Matheus Vargas, 24 anos, formado em Recursos Humanos, por exemplo, só aceitou participar da celebração na casa de uma tia, em Canoas, depois de certificar-se de que a ala bolsonarista da família não estaria presente. Ele rompeu com outra tia, que mora em São Gabriel, e com uma série de parentes, incluindo vários primos.
— Perguntei à tia de Porto Alegre se essa outra tia ia vir, porque se ela viesse eu não participava do Natal. Ela não vem, e só por isso vou participar — anuncia Matheus.
A história dele foi retratada por GaúchaZH em uma reportagem sobre os conflitos eleitorais publicada entre o primeiro e o segundo turno. Na ocasião, Matheus havia bloqueado no Facebook mais de 20 eleitores de Bolsonaro e estava em pé de guerra com parte da família, mas ainda se mostrava aberto a uma possível reconciliação com os parentes. Desde então, diz que as relações se deterioraram ainda mais, e que as esperanças de paz evaporaram.

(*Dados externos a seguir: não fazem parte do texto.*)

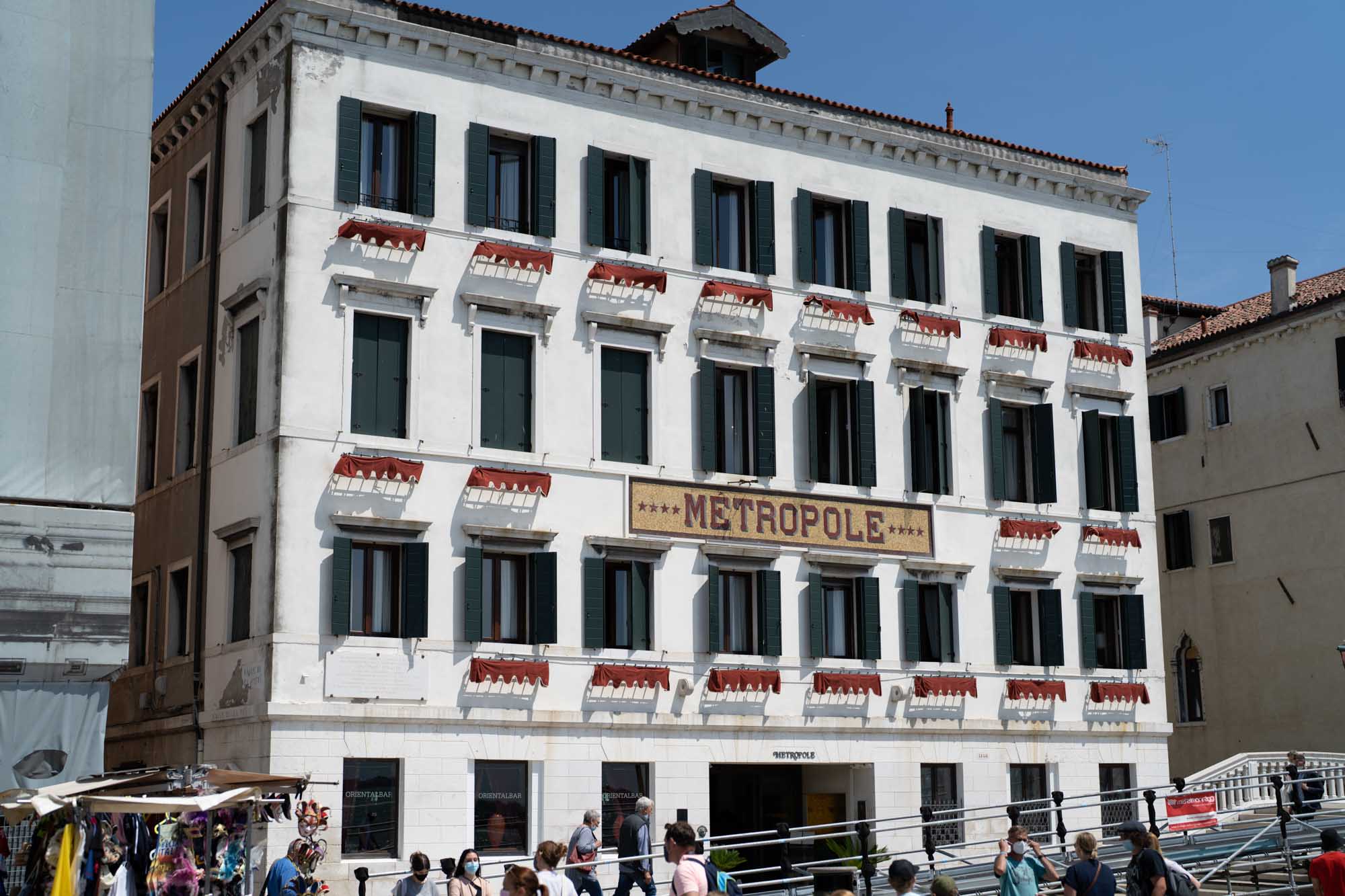 Historic Metropole Hotel in Venice with people walking in front, sunny day.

— Na verdade, só piorou. O Bolsonaro ganhou, e minha tia continuou fazendo posts agressivos no grupo da família. Daí eu me senti agredido e resolvi excluí-la. Não é porque está na minha família que vai estar nas minhas redes sociais. Ela não gostou e mandou um áudio no grupo me agredindo verbalmente. Fiquei sabendo pela minha mãe. Até tentei entrar em contato com ela, mandei um whats explicando meus motivos, que não tolero nenhum tipo de preconceito. Mas infelizmente não entra na cabeça dela, ela continua a agressão, falando que eu sou a favor de corrupto, que o meu presidente está preso — conta Matheus.
Ainda longe de uma reconciliação
O Natal é uma data importante para o jovem, uma festa para a família estar junta, mas, desta vez, sente-se aliviado de que isso não vá acontecer:
— Depois de todas essas desavenças, não vai ter clima. A família meio que se separou. Ficaram Interior e Porto Alegre separados, bem repartido.

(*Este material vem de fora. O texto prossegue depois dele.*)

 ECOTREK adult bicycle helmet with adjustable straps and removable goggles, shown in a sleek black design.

É triste. Mas não vai ser no Natal que isso vai se resolver. Não falo nunca, porque é muito pesado, mas é bem difícil ter retorno.
Uma moradora de Canoas de 23 anos, formada em Jornalismo, vai passar o Natal com os parentes com quem brigou, mas também não acredita em deixar os desentendimentos para trás.
A jovem, que pediu para não ter o nome divulgado, brigou com o tio, com os padrinhos, com as madrinhas, com uma prima, com a avó e com o pai – que chegou a expulsá-la de casa após uma discussão. Depois, pressionado pela mulher, o pai desculpou-se e pediu que a jovem voltasse para casa. Quando a discussão explodiu, os dois estavam havia dois meses sem se falar, também por causa do rancor eleitoral. Ainda hoje as conversas não têm naturalidade:
— Agora ele finge que nada aconteceu, e não podemos mencionar nada de política um perto do outro. Mas eu não consigo fingir que nada aconteceu. Ele me ignorou por dois meses, por bobagem, e me expulsou de casa. Então não está bem resolvido. Foi varrido para baixo do tapete. Não vai se resolver. Vai seguir nessa tensão. A gente fala sobre comida e filmes. E deu.
A briga com os parentes começou no Facebook, e ela acabou excluindo metade da parentela da rede social. Na noite do dia 24, no entanto, todos vão estar à volta da mesma mesa para a ceia de Natal.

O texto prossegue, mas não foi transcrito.